How does an auditor act when commuting? I pictured myself wearing Sansabelt™ slacks, a short sleeve white shirt with broad blue vertical stripes (too wide to be subtle), and a necktie with the Rugrats on it. My federal ID was on a long chain around my neck and neatly tucked into my shirt pocket (pocket protector and pens optional). I had given myself this part. It wasn’t something I had consciously aspired to but the role was mine. Did I have the talent to pull this off? What would I do the next time I saw her?

I didn’t have to wait long. Two days later, as we marched up to the Metro turnstile I saw her waiting for the elevator. This time I took the initiative. “How are you this morning?” She scowled. “I’m angry.” My heart dived. Had she found me out? She pulled a letter out of a folder and handed it to me to read.

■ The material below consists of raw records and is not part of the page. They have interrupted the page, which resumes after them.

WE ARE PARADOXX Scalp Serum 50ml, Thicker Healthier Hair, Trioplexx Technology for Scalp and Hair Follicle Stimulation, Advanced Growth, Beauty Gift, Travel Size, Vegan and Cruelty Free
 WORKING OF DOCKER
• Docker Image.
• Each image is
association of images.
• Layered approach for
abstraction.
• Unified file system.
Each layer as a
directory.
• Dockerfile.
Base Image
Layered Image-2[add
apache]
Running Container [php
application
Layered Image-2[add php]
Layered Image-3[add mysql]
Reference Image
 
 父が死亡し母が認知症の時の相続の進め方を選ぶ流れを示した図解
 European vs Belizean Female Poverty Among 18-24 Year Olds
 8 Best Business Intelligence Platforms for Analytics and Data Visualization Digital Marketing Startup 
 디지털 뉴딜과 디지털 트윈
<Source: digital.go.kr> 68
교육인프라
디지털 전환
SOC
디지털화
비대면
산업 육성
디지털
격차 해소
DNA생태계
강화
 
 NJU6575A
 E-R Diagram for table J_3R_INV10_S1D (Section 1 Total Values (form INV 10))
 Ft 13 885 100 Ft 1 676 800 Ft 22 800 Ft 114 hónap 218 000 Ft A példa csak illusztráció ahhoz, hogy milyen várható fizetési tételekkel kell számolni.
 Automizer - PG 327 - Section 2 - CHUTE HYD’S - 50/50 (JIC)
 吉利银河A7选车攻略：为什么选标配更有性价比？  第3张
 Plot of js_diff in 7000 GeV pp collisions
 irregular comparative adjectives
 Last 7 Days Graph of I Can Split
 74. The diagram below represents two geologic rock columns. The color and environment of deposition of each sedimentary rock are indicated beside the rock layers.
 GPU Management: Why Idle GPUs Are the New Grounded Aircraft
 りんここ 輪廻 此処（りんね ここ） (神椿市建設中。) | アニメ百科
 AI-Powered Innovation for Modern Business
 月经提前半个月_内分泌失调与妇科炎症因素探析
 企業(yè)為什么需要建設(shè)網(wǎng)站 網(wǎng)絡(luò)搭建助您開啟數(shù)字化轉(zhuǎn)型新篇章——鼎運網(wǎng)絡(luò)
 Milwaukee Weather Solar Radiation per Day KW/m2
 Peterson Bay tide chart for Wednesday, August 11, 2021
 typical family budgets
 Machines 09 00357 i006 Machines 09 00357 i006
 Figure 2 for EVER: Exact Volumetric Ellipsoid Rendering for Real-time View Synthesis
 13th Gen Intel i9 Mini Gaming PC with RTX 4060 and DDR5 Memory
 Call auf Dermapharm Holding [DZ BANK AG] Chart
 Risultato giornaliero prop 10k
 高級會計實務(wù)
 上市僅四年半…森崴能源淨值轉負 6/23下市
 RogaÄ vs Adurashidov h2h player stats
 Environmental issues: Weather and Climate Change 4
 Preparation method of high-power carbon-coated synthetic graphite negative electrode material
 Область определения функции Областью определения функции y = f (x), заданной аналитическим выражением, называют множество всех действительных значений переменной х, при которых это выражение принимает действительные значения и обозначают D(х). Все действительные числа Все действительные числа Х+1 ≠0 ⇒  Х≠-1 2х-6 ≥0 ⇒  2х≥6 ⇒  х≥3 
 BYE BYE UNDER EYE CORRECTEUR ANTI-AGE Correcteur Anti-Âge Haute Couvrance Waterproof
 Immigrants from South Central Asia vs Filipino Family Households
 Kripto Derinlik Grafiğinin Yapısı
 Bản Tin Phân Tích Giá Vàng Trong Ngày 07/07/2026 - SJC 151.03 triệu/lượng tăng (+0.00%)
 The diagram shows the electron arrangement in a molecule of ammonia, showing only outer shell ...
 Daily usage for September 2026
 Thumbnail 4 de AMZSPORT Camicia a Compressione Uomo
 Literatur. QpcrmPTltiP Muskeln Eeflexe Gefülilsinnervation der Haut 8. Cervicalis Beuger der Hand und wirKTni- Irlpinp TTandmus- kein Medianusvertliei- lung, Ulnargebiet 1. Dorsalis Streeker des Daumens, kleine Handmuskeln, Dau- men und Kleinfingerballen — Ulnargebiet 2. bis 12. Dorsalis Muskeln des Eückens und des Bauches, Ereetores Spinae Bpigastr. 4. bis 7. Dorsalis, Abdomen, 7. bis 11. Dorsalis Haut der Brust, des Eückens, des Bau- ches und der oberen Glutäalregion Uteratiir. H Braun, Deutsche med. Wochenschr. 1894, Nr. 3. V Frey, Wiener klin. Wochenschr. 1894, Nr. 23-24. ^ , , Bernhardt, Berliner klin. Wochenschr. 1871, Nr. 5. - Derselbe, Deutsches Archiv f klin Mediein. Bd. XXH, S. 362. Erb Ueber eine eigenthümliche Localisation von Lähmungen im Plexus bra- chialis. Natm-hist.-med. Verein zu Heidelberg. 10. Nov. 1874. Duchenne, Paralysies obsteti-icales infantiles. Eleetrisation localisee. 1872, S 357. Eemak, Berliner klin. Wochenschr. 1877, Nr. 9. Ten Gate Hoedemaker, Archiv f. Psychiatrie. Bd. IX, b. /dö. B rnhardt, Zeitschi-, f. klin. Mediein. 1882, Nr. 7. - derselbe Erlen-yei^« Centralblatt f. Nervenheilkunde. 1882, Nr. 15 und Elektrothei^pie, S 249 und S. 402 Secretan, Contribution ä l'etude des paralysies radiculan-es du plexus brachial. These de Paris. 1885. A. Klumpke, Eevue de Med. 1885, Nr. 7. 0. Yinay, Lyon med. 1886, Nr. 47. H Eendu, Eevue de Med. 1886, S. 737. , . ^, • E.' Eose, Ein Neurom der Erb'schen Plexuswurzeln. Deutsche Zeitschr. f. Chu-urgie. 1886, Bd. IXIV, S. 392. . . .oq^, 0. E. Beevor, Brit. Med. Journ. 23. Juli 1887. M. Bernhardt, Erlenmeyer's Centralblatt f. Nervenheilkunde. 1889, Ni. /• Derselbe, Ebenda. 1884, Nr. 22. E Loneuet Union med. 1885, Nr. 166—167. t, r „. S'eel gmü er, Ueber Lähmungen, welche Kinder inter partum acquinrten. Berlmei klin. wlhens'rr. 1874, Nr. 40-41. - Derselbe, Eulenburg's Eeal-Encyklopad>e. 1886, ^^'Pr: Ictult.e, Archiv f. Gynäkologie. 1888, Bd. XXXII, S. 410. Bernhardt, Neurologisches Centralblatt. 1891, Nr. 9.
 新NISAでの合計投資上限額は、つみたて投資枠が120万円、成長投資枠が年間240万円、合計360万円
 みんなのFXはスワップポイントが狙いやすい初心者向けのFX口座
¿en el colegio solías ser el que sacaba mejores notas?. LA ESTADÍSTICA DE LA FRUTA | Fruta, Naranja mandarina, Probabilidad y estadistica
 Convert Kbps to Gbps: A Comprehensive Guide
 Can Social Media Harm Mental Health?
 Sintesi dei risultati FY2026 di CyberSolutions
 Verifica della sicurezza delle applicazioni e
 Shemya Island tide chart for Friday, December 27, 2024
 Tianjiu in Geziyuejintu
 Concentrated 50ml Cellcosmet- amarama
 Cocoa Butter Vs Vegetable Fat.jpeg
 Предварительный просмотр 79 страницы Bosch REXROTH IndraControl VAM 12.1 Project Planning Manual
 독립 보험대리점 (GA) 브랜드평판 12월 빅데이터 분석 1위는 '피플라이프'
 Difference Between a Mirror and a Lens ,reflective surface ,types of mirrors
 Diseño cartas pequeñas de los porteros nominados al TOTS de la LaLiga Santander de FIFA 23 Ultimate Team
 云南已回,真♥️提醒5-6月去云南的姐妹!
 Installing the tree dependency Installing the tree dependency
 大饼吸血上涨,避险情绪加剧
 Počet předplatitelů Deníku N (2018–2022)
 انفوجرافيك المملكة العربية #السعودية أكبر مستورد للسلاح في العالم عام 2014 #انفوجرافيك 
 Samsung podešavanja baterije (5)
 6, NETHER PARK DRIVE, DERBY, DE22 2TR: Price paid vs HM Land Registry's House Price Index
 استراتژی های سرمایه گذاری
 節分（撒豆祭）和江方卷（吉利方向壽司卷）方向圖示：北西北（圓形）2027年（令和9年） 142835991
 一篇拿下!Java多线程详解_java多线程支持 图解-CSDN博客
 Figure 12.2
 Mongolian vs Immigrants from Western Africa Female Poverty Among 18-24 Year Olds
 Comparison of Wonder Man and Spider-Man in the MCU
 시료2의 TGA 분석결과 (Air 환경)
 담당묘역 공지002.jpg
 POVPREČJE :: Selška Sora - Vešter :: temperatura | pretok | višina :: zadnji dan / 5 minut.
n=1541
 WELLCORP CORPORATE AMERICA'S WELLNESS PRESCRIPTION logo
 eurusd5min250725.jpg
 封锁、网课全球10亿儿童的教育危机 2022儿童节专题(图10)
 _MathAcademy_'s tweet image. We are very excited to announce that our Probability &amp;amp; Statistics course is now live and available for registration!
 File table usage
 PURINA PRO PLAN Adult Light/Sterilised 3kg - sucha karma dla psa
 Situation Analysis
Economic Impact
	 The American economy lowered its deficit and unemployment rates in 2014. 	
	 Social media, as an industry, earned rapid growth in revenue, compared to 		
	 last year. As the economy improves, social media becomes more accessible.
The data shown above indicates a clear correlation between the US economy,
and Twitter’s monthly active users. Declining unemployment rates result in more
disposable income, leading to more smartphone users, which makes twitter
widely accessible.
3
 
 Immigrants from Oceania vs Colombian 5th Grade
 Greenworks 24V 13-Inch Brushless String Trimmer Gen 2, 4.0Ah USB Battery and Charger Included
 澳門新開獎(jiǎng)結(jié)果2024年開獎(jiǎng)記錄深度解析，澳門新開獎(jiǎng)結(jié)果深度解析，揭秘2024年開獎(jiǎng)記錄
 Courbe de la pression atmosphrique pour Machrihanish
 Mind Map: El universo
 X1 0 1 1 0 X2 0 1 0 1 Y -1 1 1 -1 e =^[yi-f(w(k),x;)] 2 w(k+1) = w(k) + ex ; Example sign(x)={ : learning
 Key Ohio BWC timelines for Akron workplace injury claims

It was from her supervisor advising her of her unsatisfactory performance review. My instincts had been correct. She had few boundaries. What could I say? I was so amazed that a total stranger would share her personal and personnel facts that I could only gloss over the details on the paper in my hands. I scanned while I decided quickly how to respond. My daughter was bouncing around me while we waited for the elevator door to open.

“I’m sorry.” I neither wanted to say more nor anything that might prolong the conversation. I truly was sorry. I knew how tough office relationships can be. All of a sudden, I was no longer worrying about my IRS status. The tables had turned as I held my invitation to be part of her morning drama. My daughter and I walked to our seats as the station lights dimmed.